> [Records supplied]
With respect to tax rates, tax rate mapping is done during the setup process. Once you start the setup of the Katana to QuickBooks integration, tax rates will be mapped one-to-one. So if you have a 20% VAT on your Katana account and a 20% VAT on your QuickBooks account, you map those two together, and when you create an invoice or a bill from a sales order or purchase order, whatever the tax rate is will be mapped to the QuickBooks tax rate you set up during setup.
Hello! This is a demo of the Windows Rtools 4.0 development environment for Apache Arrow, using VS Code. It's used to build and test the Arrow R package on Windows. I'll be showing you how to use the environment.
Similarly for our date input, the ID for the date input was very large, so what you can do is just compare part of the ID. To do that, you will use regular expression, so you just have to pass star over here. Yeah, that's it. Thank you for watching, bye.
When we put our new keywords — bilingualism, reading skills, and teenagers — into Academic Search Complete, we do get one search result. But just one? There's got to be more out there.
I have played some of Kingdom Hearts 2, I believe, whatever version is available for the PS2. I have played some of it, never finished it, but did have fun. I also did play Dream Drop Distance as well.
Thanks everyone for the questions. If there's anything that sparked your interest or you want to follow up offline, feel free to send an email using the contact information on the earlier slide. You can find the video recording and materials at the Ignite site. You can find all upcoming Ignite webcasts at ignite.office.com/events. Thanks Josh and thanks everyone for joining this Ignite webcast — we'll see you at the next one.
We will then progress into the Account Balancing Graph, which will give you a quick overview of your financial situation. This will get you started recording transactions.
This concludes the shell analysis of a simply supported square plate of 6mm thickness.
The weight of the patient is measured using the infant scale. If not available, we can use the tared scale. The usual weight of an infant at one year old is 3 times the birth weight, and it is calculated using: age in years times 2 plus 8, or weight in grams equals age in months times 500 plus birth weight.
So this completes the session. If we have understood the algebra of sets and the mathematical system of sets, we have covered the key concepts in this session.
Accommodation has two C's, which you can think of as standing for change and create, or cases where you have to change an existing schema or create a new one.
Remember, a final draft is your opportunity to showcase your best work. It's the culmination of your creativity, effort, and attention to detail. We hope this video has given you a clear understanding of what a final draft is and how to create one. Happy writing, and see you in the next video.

> [Task to carry out]
Look above for the line holding "Hello! This is". Print it and every line after it, exactly, through the line holding "When we put".

> [Written response]
Hello! This is a demo of the Windows Rtools 4.0 development environment for Apache Arrow, using VS Code. It's used to build and test the Arrow R package on Windows. I'll be showing you how to use the environment.
Similarly for our date input, the ID for the date input was very large, so what you can do is just compare part of the ID. To do that, you will use regular expression, so you just have to pass star over here. Yeah, that's it. Thank you for watching, bye.
When we put our new keywords — bilingualism, reading skills, and teenagers — into Academic Search Complete, we do get one search result. But just one? There's got to be more out there.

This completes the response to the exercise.